Russia’s Federal Security Service is being sued over Internet shut-off in Ingushetia last year during mass protests
A man living in Ingushetia has filed a lawsuit against Russia’s Federal Security Service (FSB) and Interior Ministry over the disconnection of mobile Internet services during last year's protests against a boundary agreement with Chechnya. Murad Khazbiev is suing the federal government in the Magas District Court, according to the newspaper Vedomosti, which has obtained a copy of his lawsuit.
“I [was] a participant of these events, and I wholeheartedly subscribe to the protesters’ critical statements and slogans,” Khazbiev states. “However there was no opportunity to share this opinion and express it publicly on social media, because I experienced limitations on communications over mobile Internet.”
Residents in Ingushetia previously asked Russia’s state censor, Roskomnadzor, to review the legality of the mobile Internet shut-off during last October’s mass demonstrations. Roskomnadzor later determined that the service disruption was executed on the basis of “the reasoned decision of law enforcement agencies,” though the censor never identified the police agency responsible.
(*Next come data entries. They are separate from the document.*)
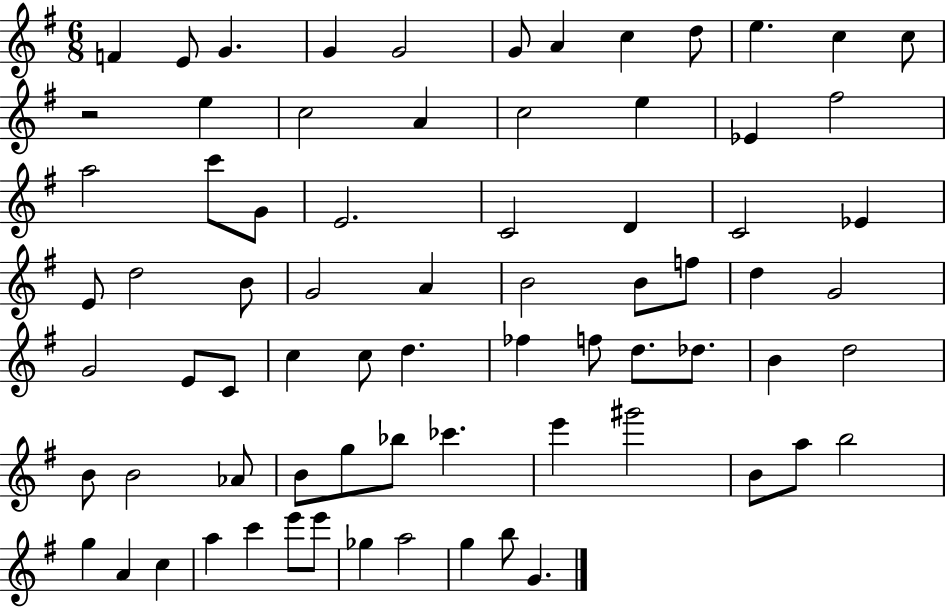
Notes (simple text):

F4/q E4/e G4/q. G4/q G4/h G4/e A4/q C5/q D5/e E5/q. C5/q C5/e R/h E5/q C5/h A4/q C5/h E5/q Eb4/q F#5/h A5/h C6/e G4/e E4/h. C4/h D4/q C4/h Eb4/q E4/e D5/h B4/e G4/h A4/q B4/h B4/e F5/e D5/q G4/h G4/h E4/e C4/e C5/q C5/e D5/q. FES5/q F5/e D5/e. Db5/e. B4/q D5/h B4/e B4/h Ab4/e B4/e G5/e Bb5/e CES6/q. E6/q G#6/h B4/e A5/e B5/h G5/q A4/q C5/q A5/q C6/q E6/e E6/e Gb5/q A5/h G5/q B5/e G4/q.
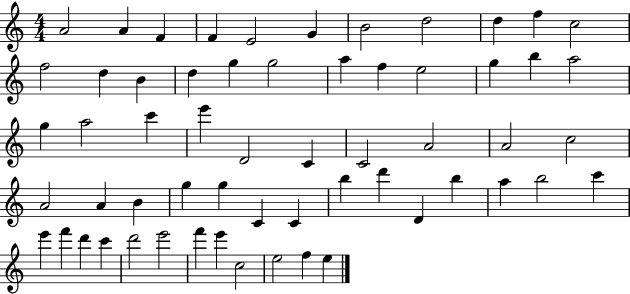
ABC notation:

X:1
T:Untitled
M:4/4
L:1/4
K:C
A2 A F F E2 G B2 d2 d f c2 f2 d B d g g2 a f e2 g b a2 g a2 c' e' D2 C C2 A2 A2 c2 A2 A B g g C C b d' D b a b2 c' e' f' d' c' d'2 e'2 f' e' c2 e2 f e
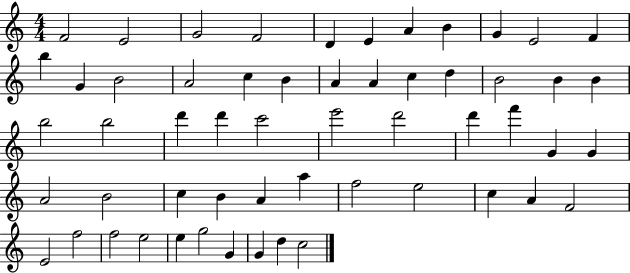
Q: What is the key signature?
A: C major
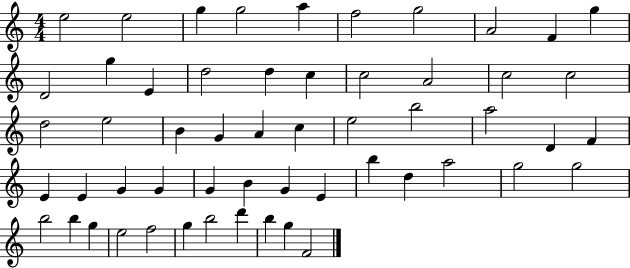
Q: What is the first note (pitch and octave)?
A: E5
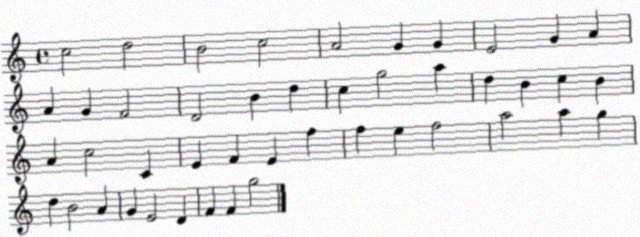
X:1
T:Untitled
M:4/4
L:1/4
K:C
c2 d2 B2 c2 A2 G G E2 G A A G F2 D2 B d c g2 a d B c B A c2 C E F E f f e f2 a2 a g d B2 A G E2 D F F g2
Andrey Sabinin, the “Agora” human rights group lawyer representing Khazbiev, says the lawsuit also names Roskomnadzor and Megafon (Khazbiev’s telephone company) as third parties.
Last year, from October 4 to October 17, during mass demonstrations against a controversial agreement that ceded territory to the Chechen Republic, mobile Internet service in Ingushetia suddenly failed. The service went offline again on November 27, when hearings on the boundary agreement began in Russia’s Constitutional Court.